▸ **What this task involves**: Take the lines from the one containing "JEANNEAU - SUN" through the final line below and restate them exactly. Omit the pictures.

[Image-text web data]
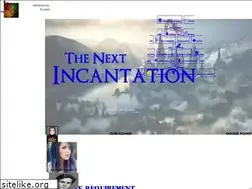 Sites similar to nextincantation.com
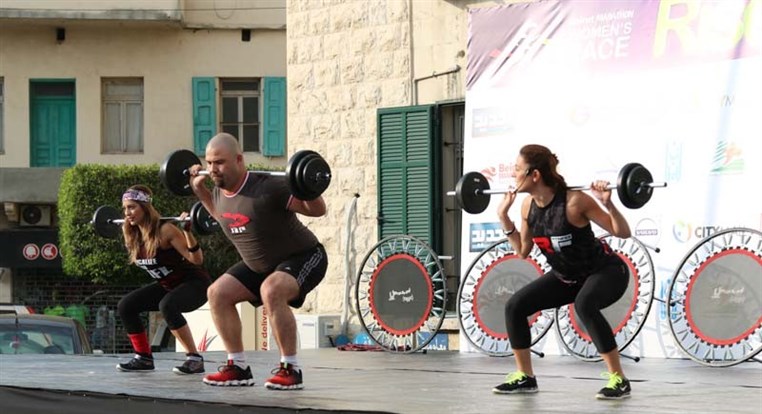 Beirut Marathon Women's Race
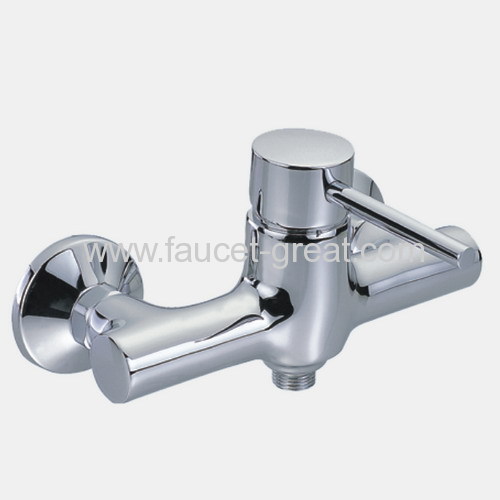 Wall Mount Shower Bathroom Faucet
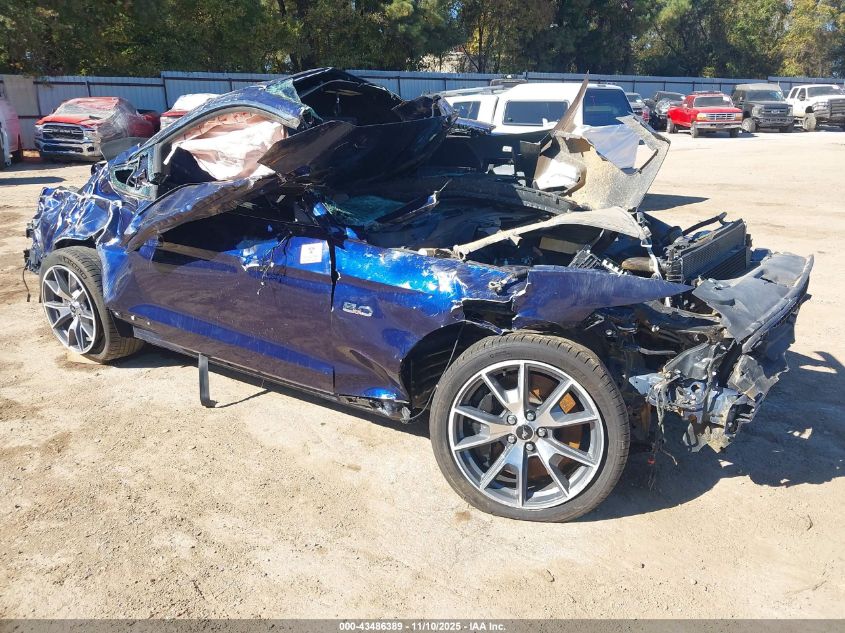 FORD MUSTANG GT 50 YEARS LIMITED EDITION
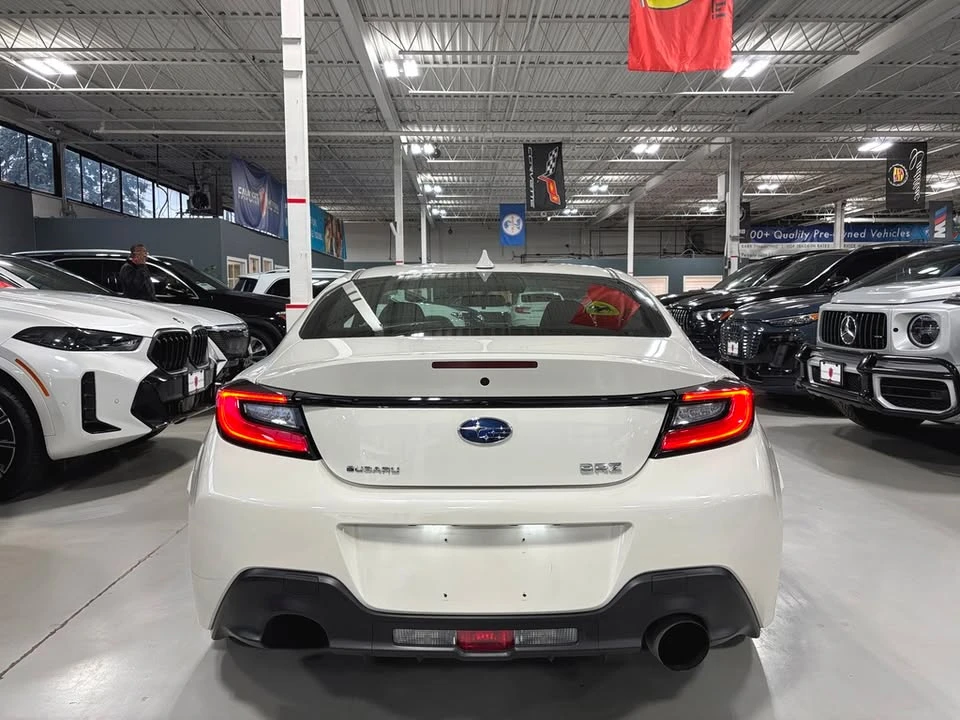 2023 Subaru BRZ 2nd Gen - Image 5 of 14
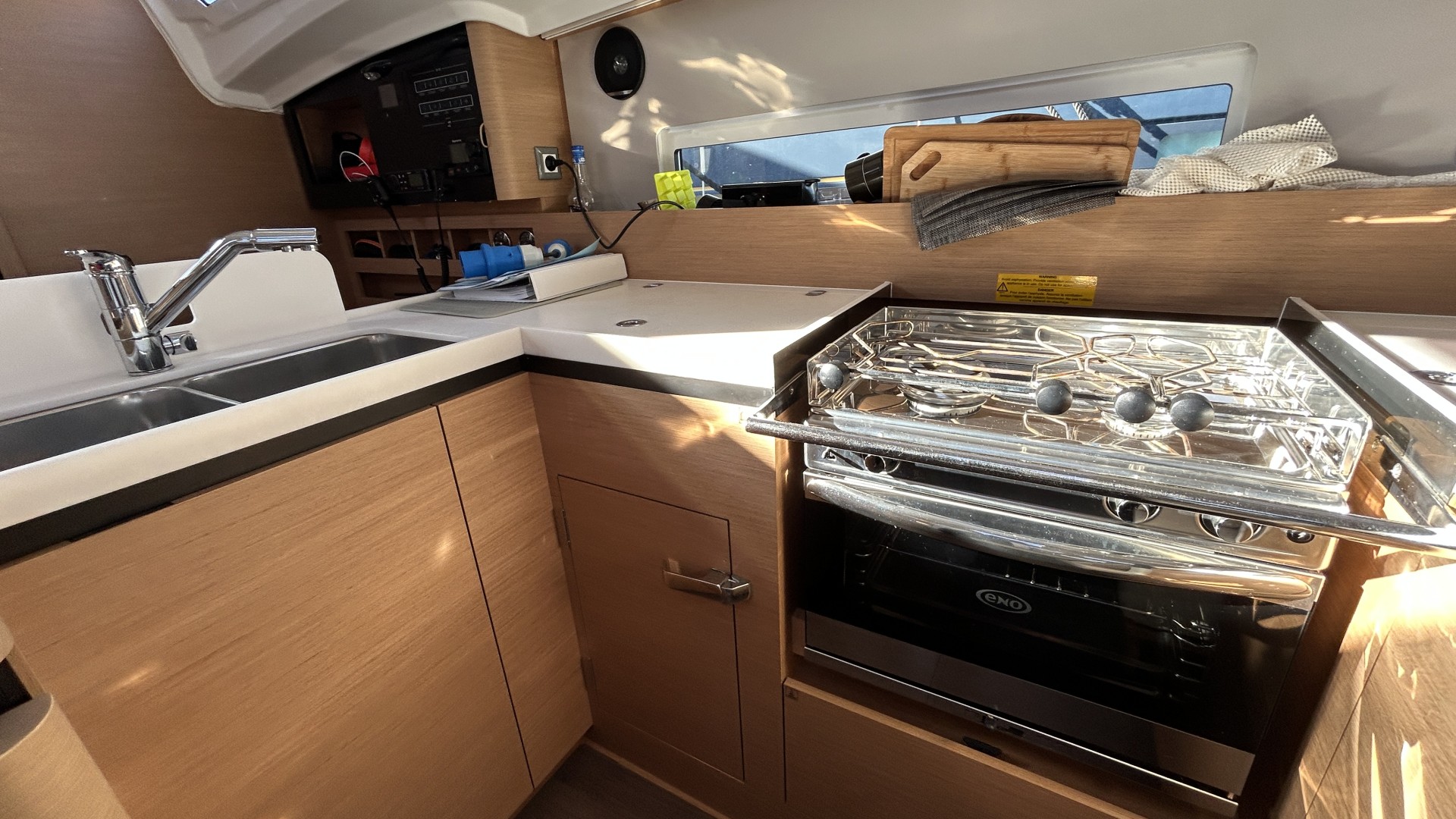 JEANNEAU - SUN ODYSSEY 410 PERFORMANCE à vendre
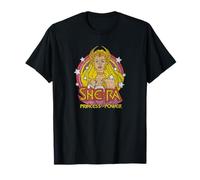 She-Ra - Princess Of Power With Stars T-Shirt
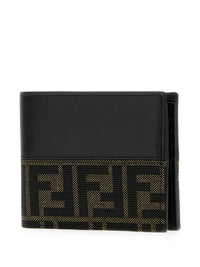 FENDI Bi-Fold Wallet Vit.Grace/Ff Women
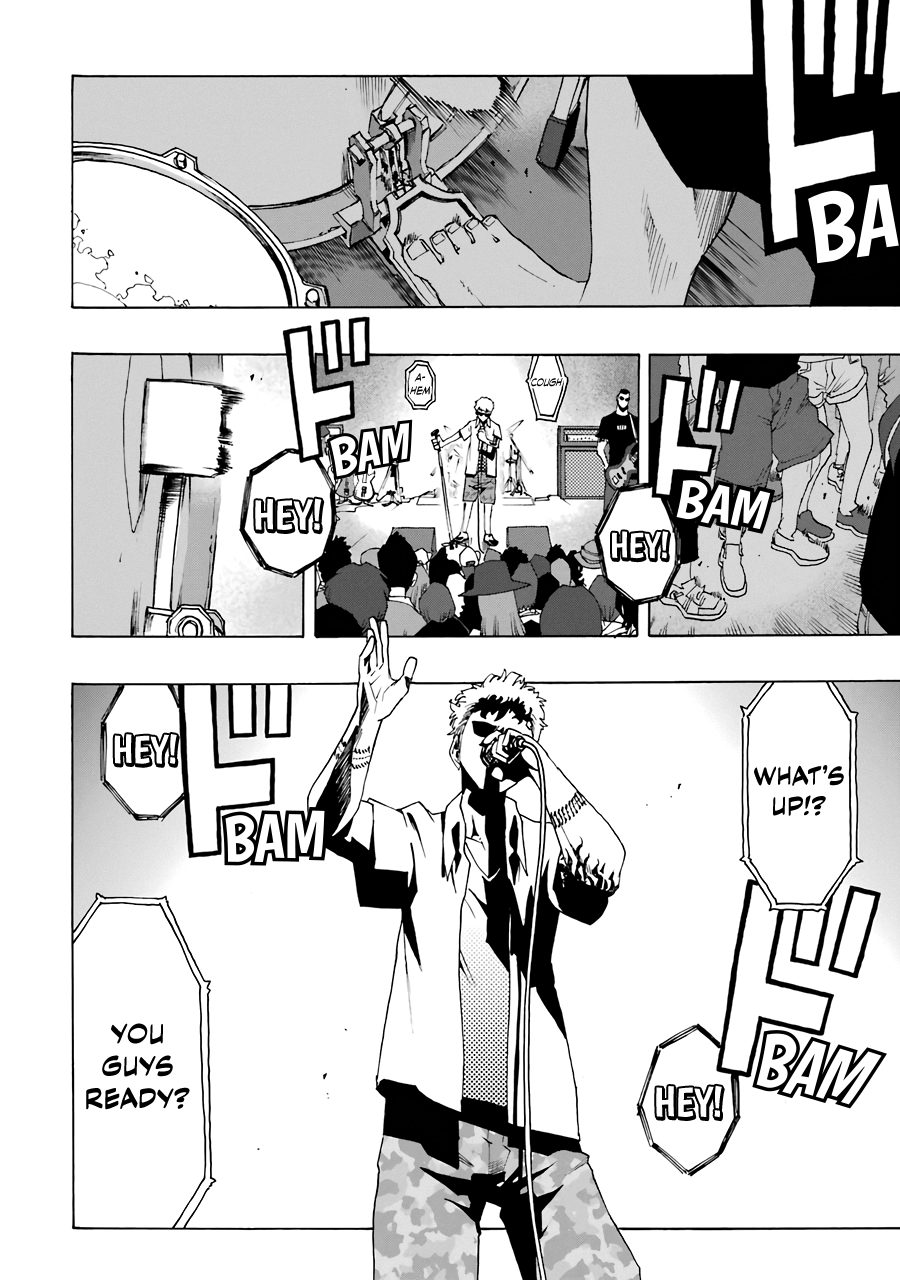 Read Shiori Experience Jimi Na Watashi To Hen Na Oji San EN Manga Online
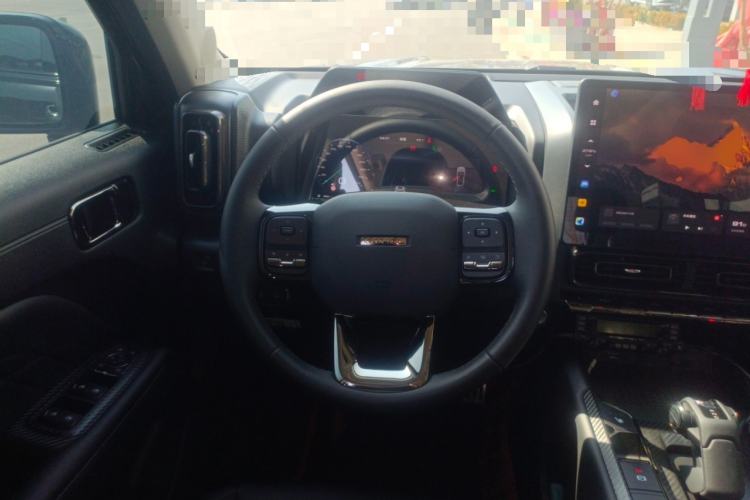 Used Haval Raptor New Energy 2024 Hi4 102 Pro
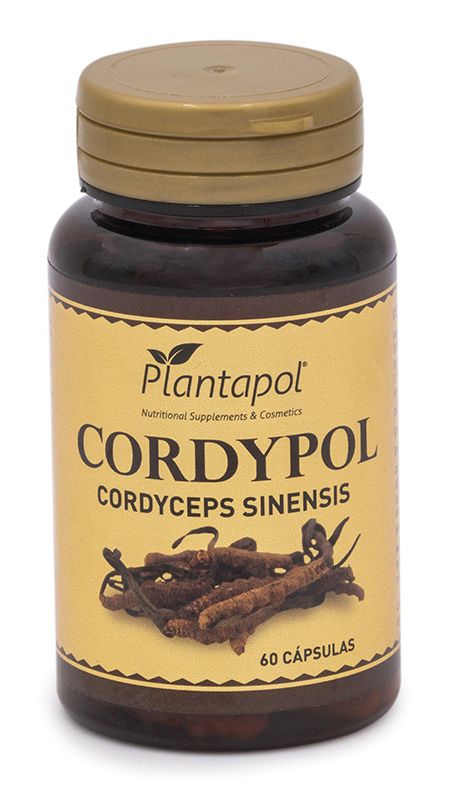 Cordypol 60 Caps. (Plantapol)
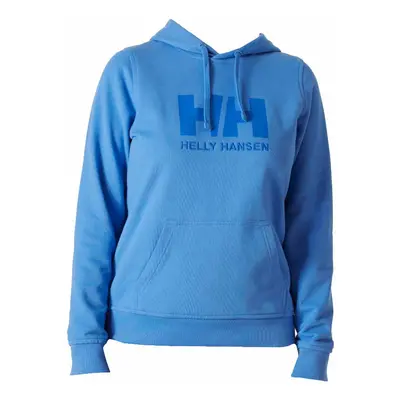 Helly Hansen Women's HH Logo Kapucni Ultra Blue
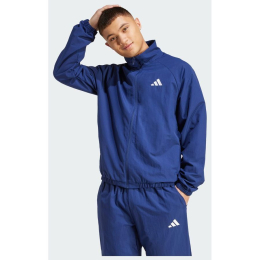 Adidas Essential Small Logo Windbreaker
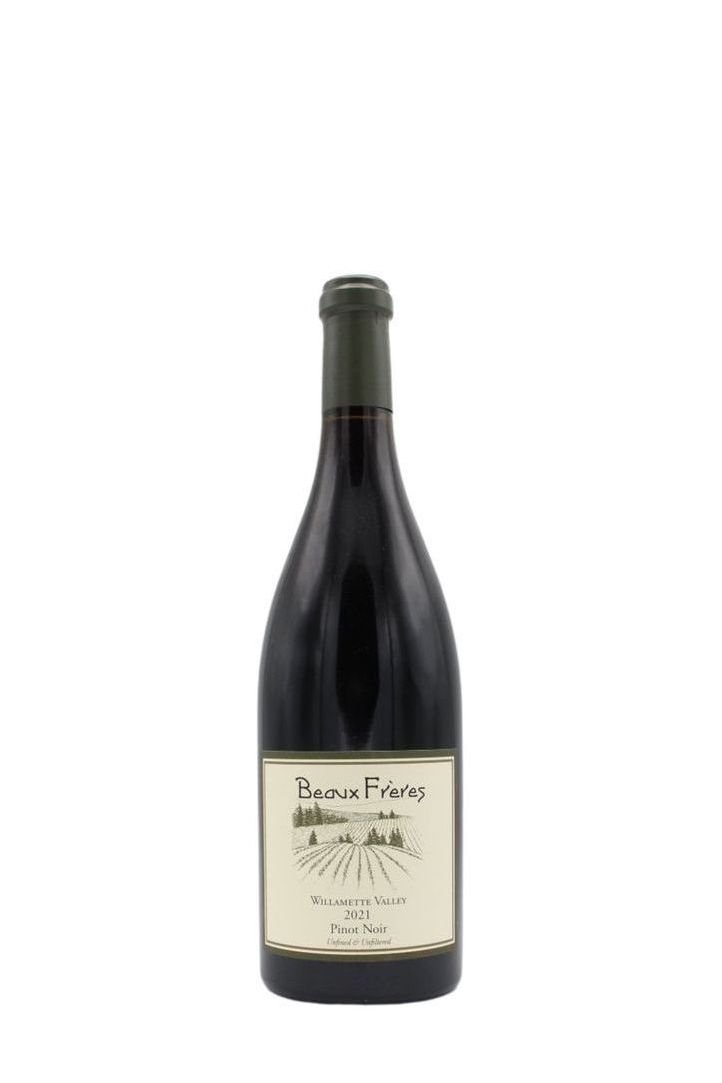 Beaux Freres Willamette Valley Pinot Noir 2021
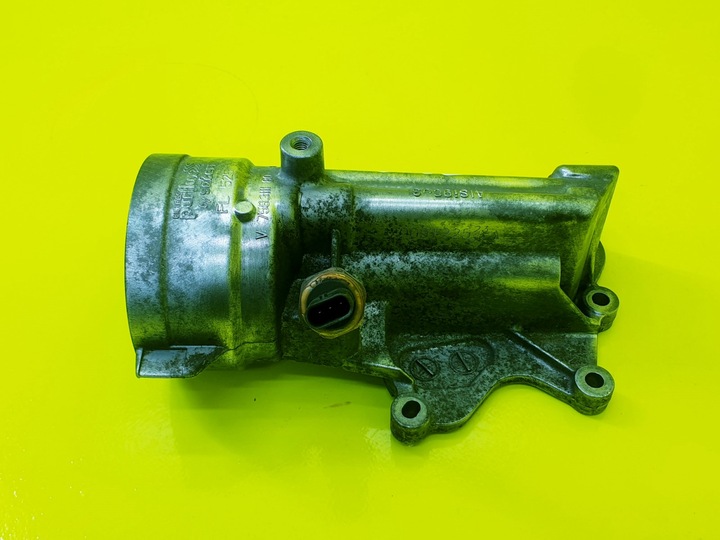 фото №1, Основа корпус фільтра масла c3 308 ds4 r55 1.4 1.6 vti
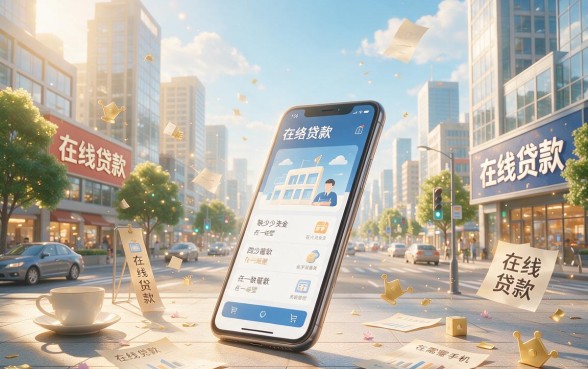 这五个比较靠谱的网络贷款平台正式入档,缺钱速收藏!
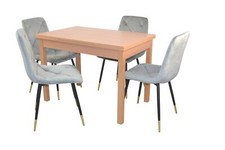 5tlg. Tischgruppe, Essgruppe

▸ **Result of this exercise**:
 JEANNEAU - SUN ODYSSEY 410 PERFORMANCE à vendre
 She-Ra - Princess Of Power With Stars T-Shirt
 FENDI Bi-Fold Wallet Vit.Grace/Ff Women
 Read Shiori Experience Jimi Na Watashi To Hen Na Oji San EN Manga Online
 Used Haval Raptor New Energy 2024 Hi4 102 Pro
 Cordypol 60 Caps. (Plantapol)
 Helly Hansen Women's HH Logo Kapucni Ultra Blue
 Adidas Essential Small Logo Windbreaker
 Beaux Freres Willamette Valley Pinot Noir 2021
 фото №1, Основа корпус фільтра масла c3 308 ds4 r55 1.4 1.6 vti
 这五个比较靠谱的网络贷款平台正式入档,缺钱速收藏!
 5tlg. Tischgruppe, Essgruppe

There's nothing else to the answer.